Earlier, Delakas’s lawyer gave the 64-year-old vendor props for pluck – he finagled a ticket to de Blasio’s inauguration day open house at Gracie Mansion and pressed his case in person to the new mayor.
“It put the whole issue way up on the radar,” said Arthur Schwartz. “It was a stroke of luck that someone supporting him had won the lottery and gotten a ticket.”
Under the deal struck with the city Friday, Delakas still has to pay a $9,000 fine for operating the newsstand without a legal license.
KELLY KING
Jerry Delakas waited in line to get into Gracie Mansion with artist friend Kelly King with a painted cardboard replica of his newsstand — and a plan to talk to New York Mayor Bill de Blasio after the inauguration.
But he has nine months to pay it off, said Schwartz. And the first check for $1,000 is already in the mail.
In the meantime, Delakas hopes to begin restocking his kiosk with late editions, magazines, candy and all kinds of other goodies and reopen right away.
There was no immediate comment from the city.

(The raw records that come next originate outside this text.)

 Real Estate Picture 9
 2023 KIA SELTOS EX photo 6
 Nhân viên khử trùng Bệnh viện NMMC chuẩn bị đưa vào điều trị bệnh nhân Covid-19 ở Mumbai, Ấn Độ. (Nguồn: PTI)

A neighborhood fixture who works seven days a week, Delakas started at the newsstand in 1987 when the license was owned by a friend, Katherine Ashley.
The chain-smoking, silver-haired Greek paid Ashley $75 a week to run the operation and collect the profits. Before she died in 2006 and license went to her husband Sheldon, Ashley indicated in her will that their arrangement should continue.
But Delakas’ livelihood was placed in jeopardy after Sheldon Ashley died and the city denied his estate’s application for a renewal notice.
ALEC TABAK/FOR NEW YORK DAILY NEWS
Jerry Delakas was operating his newsstand at Astor Place and Lafayette Ave. since 1987 when the license was owned by a friend, Katherine Ashley.
The grounds, according to court papers, were that nobody in Ashley’s family planned to operate it as their “principal employment.”
So Delakas applied himself and was turned down. The city said the deal between Delakas and Ashley was illegal.
Desperate to save his business, Delakas approached de Blasio, who had read about his plight in The Daily News and other publications.
“It was a great injustice,” hizzoner told the vendor, according to Kelly King, the pal who brought Delakas along to the open house.